## [Brief]
Retype the data below exactly; skip every image.

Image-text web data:
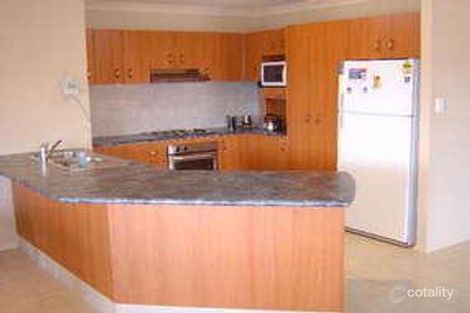 Property photo of 30 Gumleaf Drive Molendinar QLD 4214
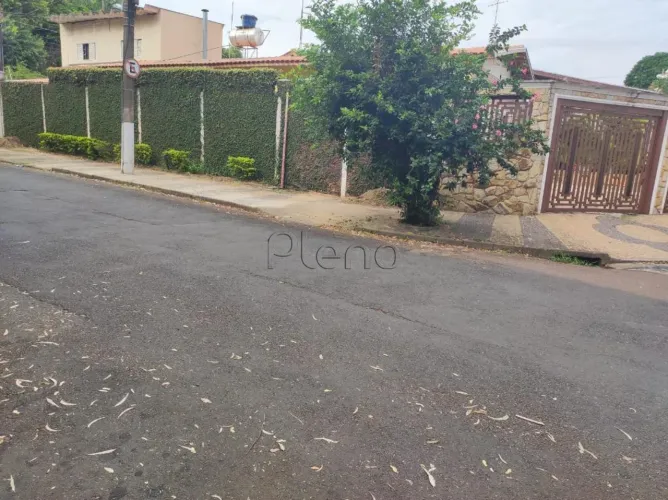 Casa à venda com 4 quartos no Parque Itália, Campinas.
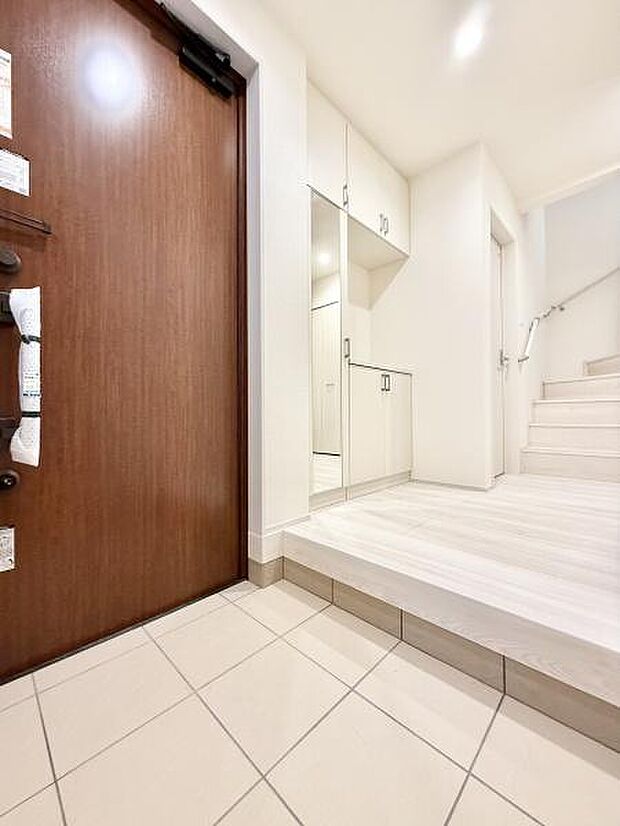 落ち着いた空間を演出し、ご家族や来客者を気持ちよく出迎えます。収納力の高いシューズボックスも設置され玄関をスッキリと保てます！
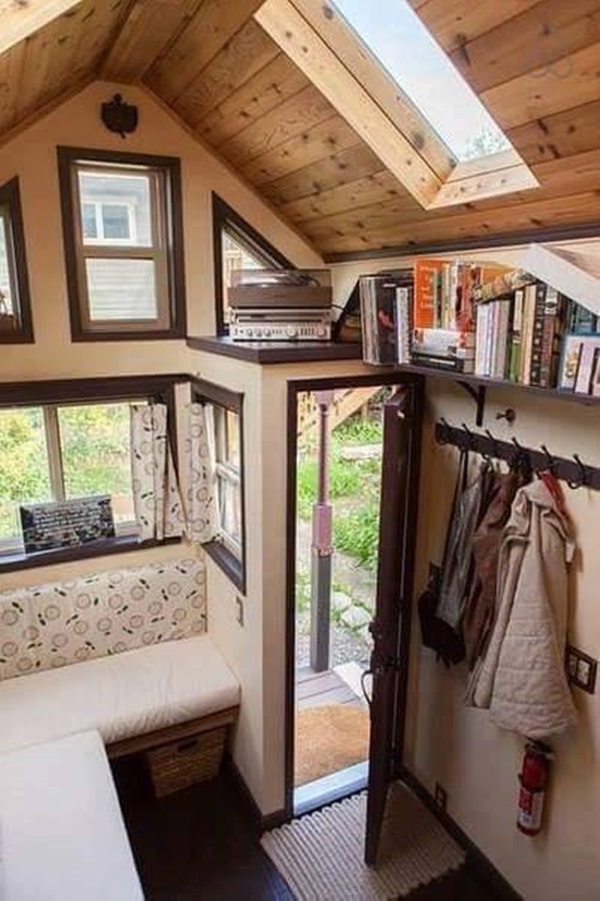 Foto - Tek başına taşınabilir ev yaptı!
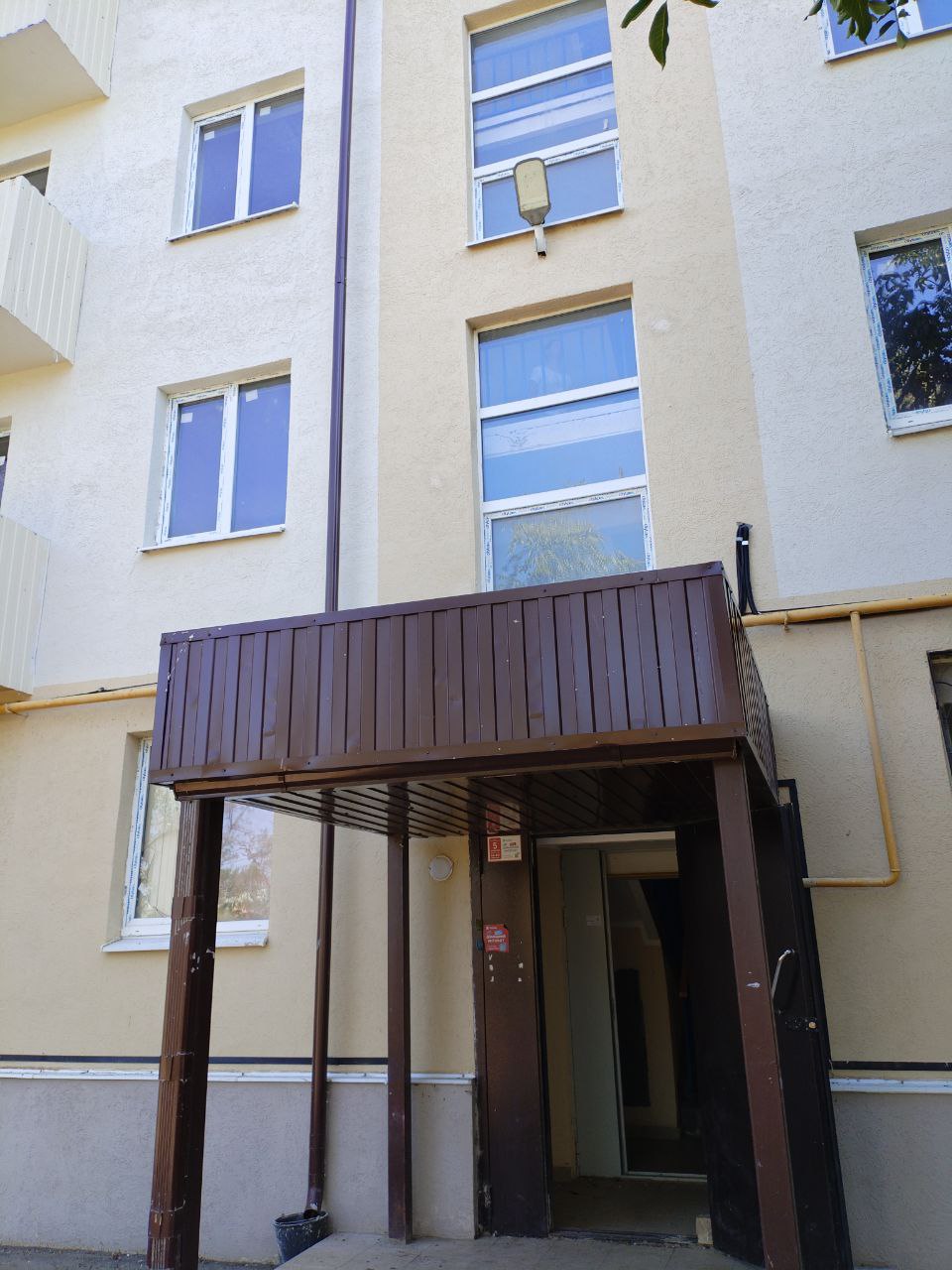 Продам 2-к квартиру на Новороссийской в Мариуполе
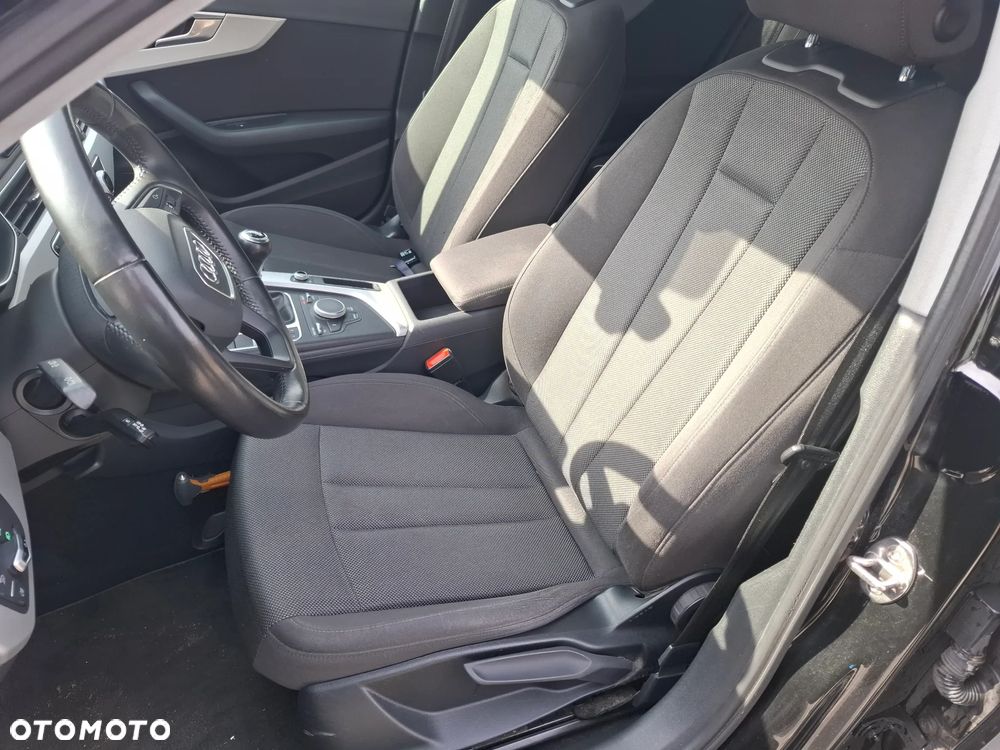 Audi A4 Avant 2.0 TDI - 8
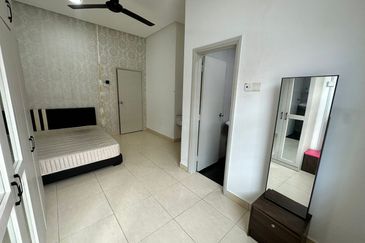 Jalan Perjiranan 11/23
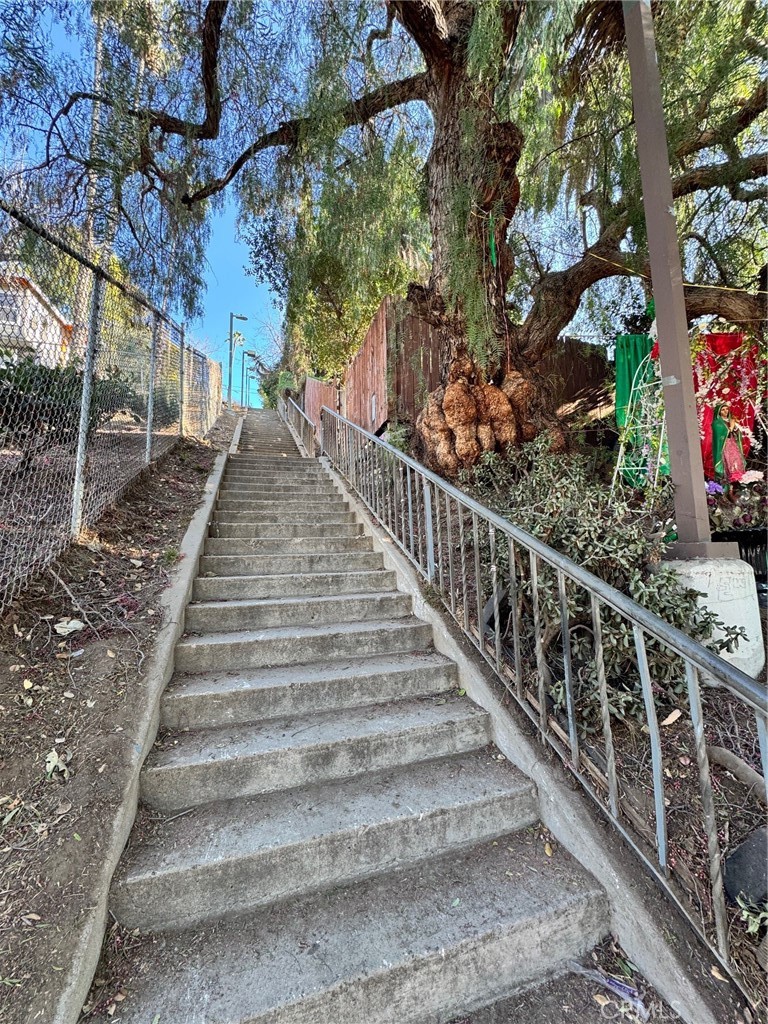 1574 Donaldson Street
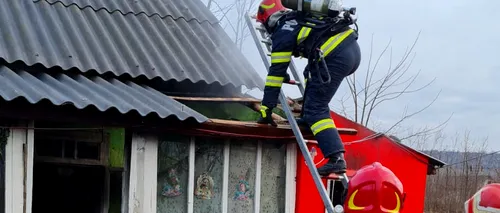 Incendiu la o casă din Iași. Doi copii au fost duși la spital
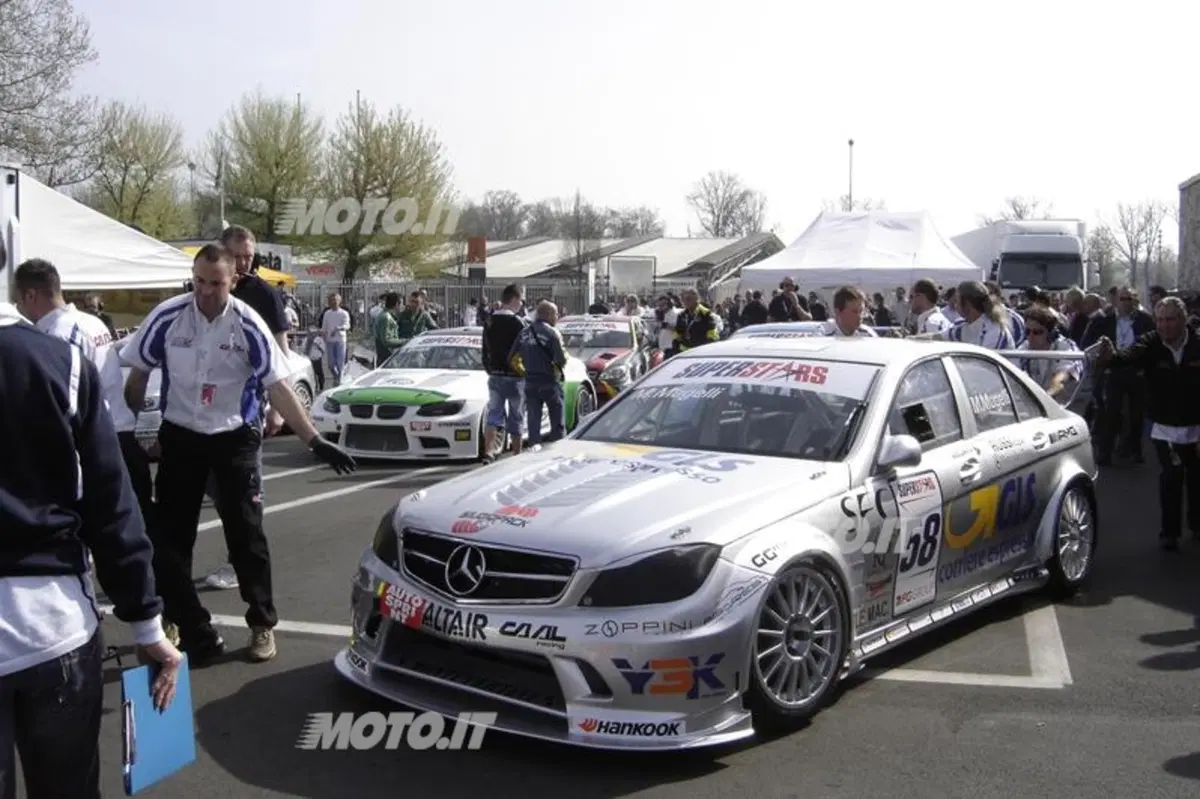 International Superstars: esordio vincente per Liuzzi su Mercedes-AMG (31)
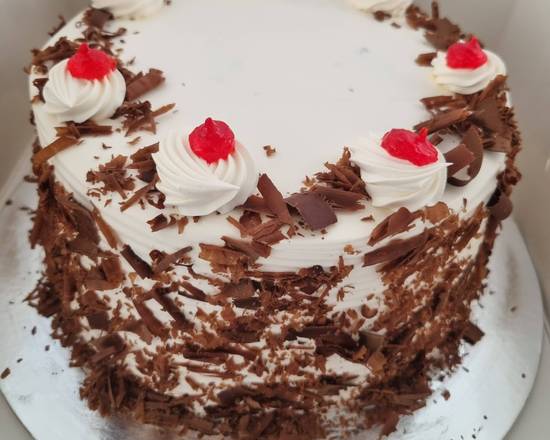 Eggless  Black Forest 1kg Cake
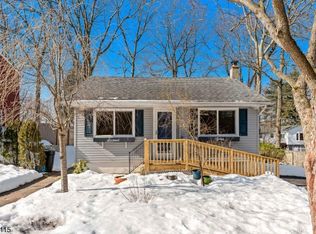 16 Idalroy Trl, Hopatcong, NJ 07843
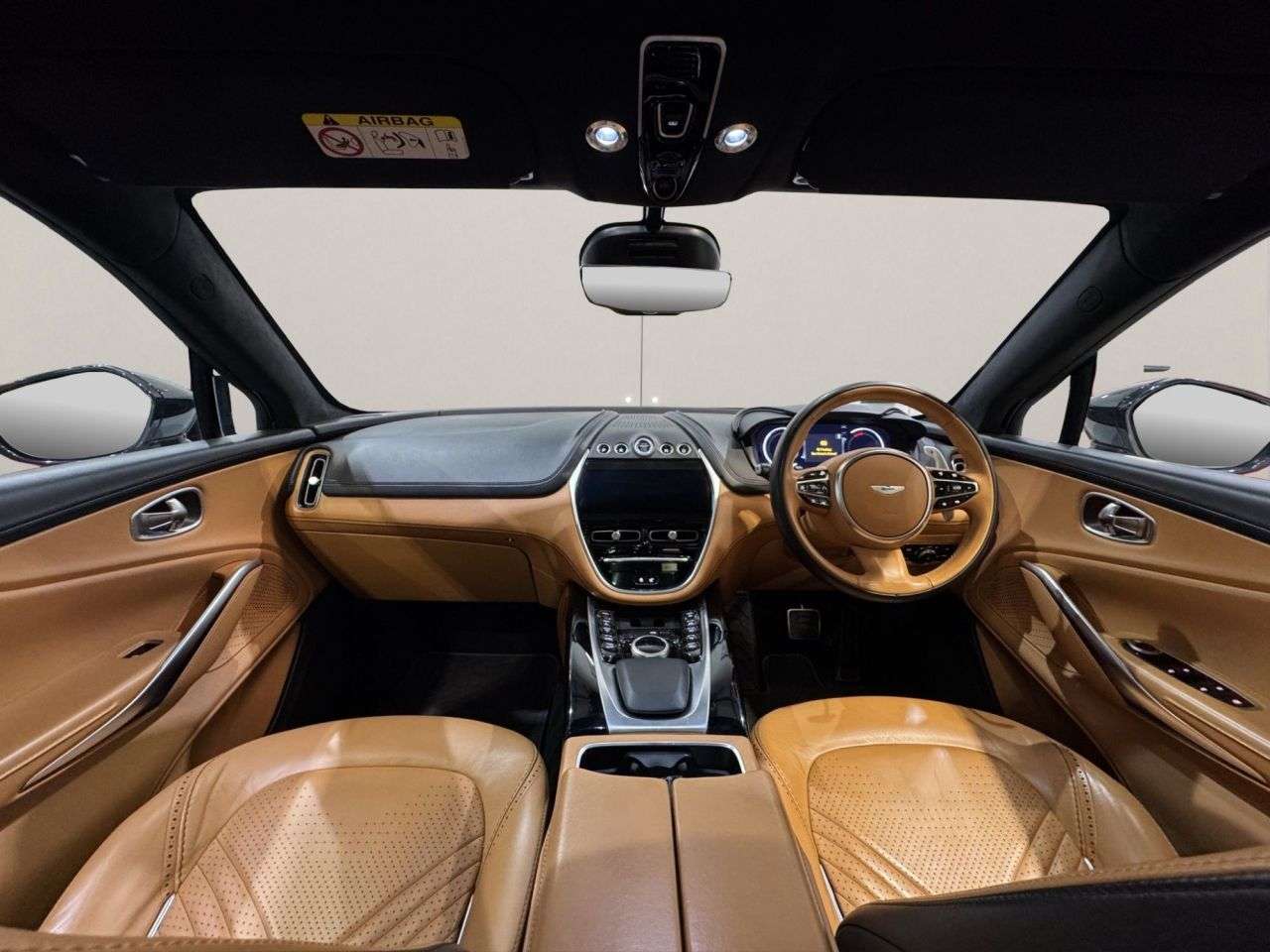 2020 ASTON MARTIN DBX 2020 ASTON MARTIN DBX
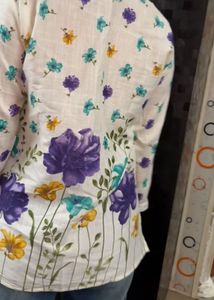 white colour Short Kurti for Girls / woman Whig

## [Exercise output]
 Property photo of 30 Gumleaf Drive Molendinar QLD 4214
 Casa à venda com 4 quartos no Parque Itália, Campinas.
 落ち着いた空間を演出し、ご家族や来客者を気持ちよく出迎えます。収納力の高いシューズボックスも設置され玄関をスッキリと保てます！
 Foto - Tek başına taşınabilir ev yaptı!
 Продам 2-к квартиру на Новороссийской в Мариуполе
 Audi A4 Avant 2.0 TDI - 8
 Jalan Perjiranan 11/23
 1574 Donaldson Street
 Incendiu la o casă din Iași. Doi copii au fost duși la spital
 International Superstars: esordio vincente per Liuzzi su Mercedes-AMG (31)
 Eggless  Black Forest 1kg Cake
 16 Idalroy Trl, Hopatcong, NJ 07843
 2020 ASTON MARTIN DBX 2020 ASTON MARTIN DBX
 white colour Short Kurti for Girls / woman Whig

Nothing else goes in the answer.